Shoemaker tackled the other frontiers before academia. Despite his youthful appearance, he spent years in industry before exchanging a briefcase for a backpack full of books. Then, as now, he was equally invested in the natural world, preferring to cycle rather than drive. He does not fit the traditional mold of doctoral students—for one thing, he is presently the parent of two teenage daughters (ages 18 and 15) as well as a son, age one.
He plans to work as an educator and landscape ecologist when he completes his doctorate next year. His studies integrate ecology, geospatial analysis and time-space modeling. Dynamic spatial-temporal modeling, a tangible component of Shoemaker’s research, investigates urbanization and its impact on socio-ecological systems.
Although the work sounds esoteric, it addresses the pressing issues of our time and influences public policy, Shoemaker explains. Landscape ecology is an evolving science exploring the relationships between environments and ecological processes. Landscape ecologists consider spatial patterns as they occur in different landscapes. They address both research and policy, with an eye to improving them.

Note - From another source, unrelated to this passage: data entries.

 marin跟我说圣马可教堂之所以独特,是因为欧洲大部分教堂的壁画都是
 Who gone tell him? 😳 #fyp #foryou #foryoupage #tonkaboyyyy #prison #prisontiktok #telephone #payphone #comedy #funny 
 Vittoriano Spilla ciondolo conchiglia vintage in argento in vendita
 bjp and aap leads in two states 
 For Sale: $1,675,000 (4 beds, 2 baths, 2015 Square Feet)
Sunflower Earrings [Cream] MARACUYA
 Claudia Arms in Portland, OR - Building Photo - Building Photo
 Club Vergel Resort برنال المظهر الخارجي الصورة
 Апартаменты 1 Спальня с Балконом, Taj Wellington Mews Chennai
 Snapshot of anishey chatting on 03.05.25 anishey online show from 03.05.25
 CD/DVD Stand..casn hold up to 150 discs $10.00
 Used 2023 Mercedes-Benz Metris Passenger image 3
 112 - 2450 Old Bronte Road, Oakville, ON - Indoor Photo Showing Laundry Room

Moving from management ranks to addressing the ‘Big Questions of Our Time’
Shoemaker feels a need to reframe our questions about science. He isn’t a dystopian thinker, yet not a utopian either. He merges interdisciplinary studies in ecology, geospatial analysis and time-space modeling, and draws upon the work of economists and philosophers. His extensive experiences in the business world grounded him in practicalities—a perspective he draws upon now. While climbing the tiers of upper management, he worked in northern Virginia and Boston. He “kept running into really smart people” in Boston—meaning, those who were smart and degreed. Shoemaker was smart, successful, but not degreed.
“It bothered me,” he says frankly.
The fact that he had flunked out of undergraduate school rankled Shoemaker, despite his business achievements. He banked enough to return to school at age 39, graduating with honors.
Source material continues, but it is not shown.